I am trying to make a boxplot where the widths of the boxes are proportional to their numeric sizes. I already have the summary statistics calculated for the categorical X variable:(n, p5, p25, p50, p75, p95). I have done some research and tried using the "n" variable as a set of weights, as well as using the "varwidth=TRUE" argument in geom_boxplot. Neither of these have worked for me. Is there a way to add proportional widths when you have already calculated the summary statistics of the data? Here is an example of what my code looks like:

src <- c("a", "b", "c")
n <- c(10, 20, 30)
p5 <- c(-10, -20, -15)
p25 <- c(-5, -10, -10)
p50 <- c(5, 0, 5)
p75 <- c(10, 5, 15)
p95 <- c(15, 20, 30)

df <- data.frame(src, n, p5, p25, p50, p75, p95)

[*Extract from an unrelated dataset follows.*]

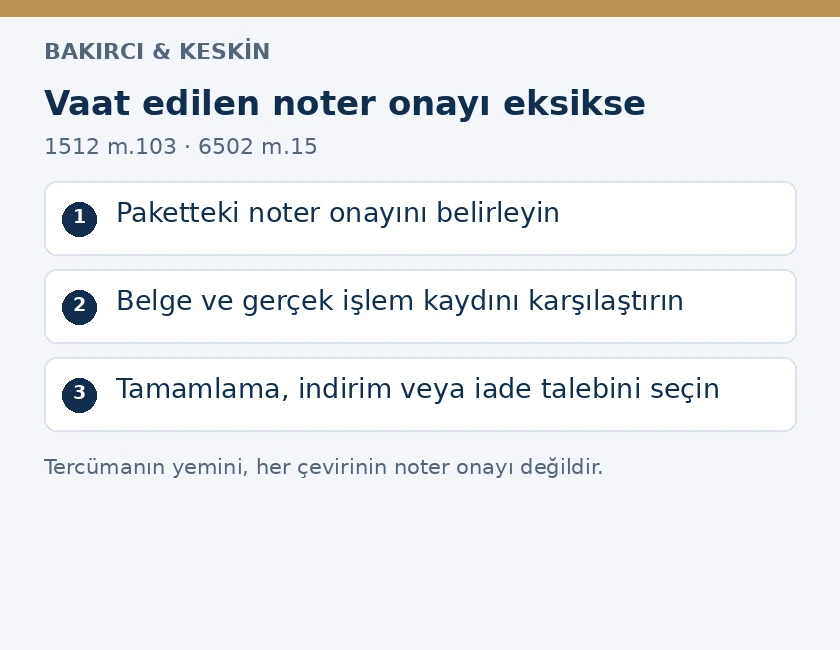 Noter onayı eksik tercümede sözleşme kapsamı, gerçek işlem ve tüketici talebinin belirlenmesi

MonthsSrc <- ggplot(data=df, aes(x=factor(src), ymin=p5, lower=p25, middle=p50, upper=p75, ymax=p95)) +
  geom_boxplot(stat="identity", fill="white", colour="black", varwidth=TRUE) +
  scale_y_continuous(name="Value(%)", limits=c(-30,30), breaks=c(-30,-15,0,15,30), labels=c(-30,-15,0,15,30)) +
  theme_classic() +
  theme(axis.line.x=element_line(color="black",size=0.5),
        axis.line.y=element_line(color="black",size=0.5))

Thanks for the help!

John M
  • 13
  • 6
  • The question could be improved. Please hover over the R tag - it asks for a minimal reproducible example. [Here's a guide](http://stackoverflow.com/questions/5963269/how-to-make-a-great-r-reproducible-example#answer-5963610); also look at the R help files (e.g. `?geom_boxplot`, _examples_ section) – lukeA Jan 04 '17 at 19:55
  • I have added an example data set. – John M Jan 04 '17 at 20:28

1 Answers1

1

One (hacky) way of doing this would be to use varwidth=T which means that the width is proportional to sqrt(n). We could then use the weight aesthetic to bring it to n with weight=sqrt(n) since sqrt(n)*sqrt(n)=n.

Example with the mpg dataset from ggplot2:

library(dplyr)
library(ggplot2)
mpg%>%
  group_by(manufacturer)%>%
  mutate(n=n())%>%
  ggplot(aes(x=manufacturer,y=displ))+
  geom_boxplot(aes(weight=sqrt(n)),varwidth = T)

There might be a better solution.

Haboryme
  • 4,611
  • 2
  • 18
  • 21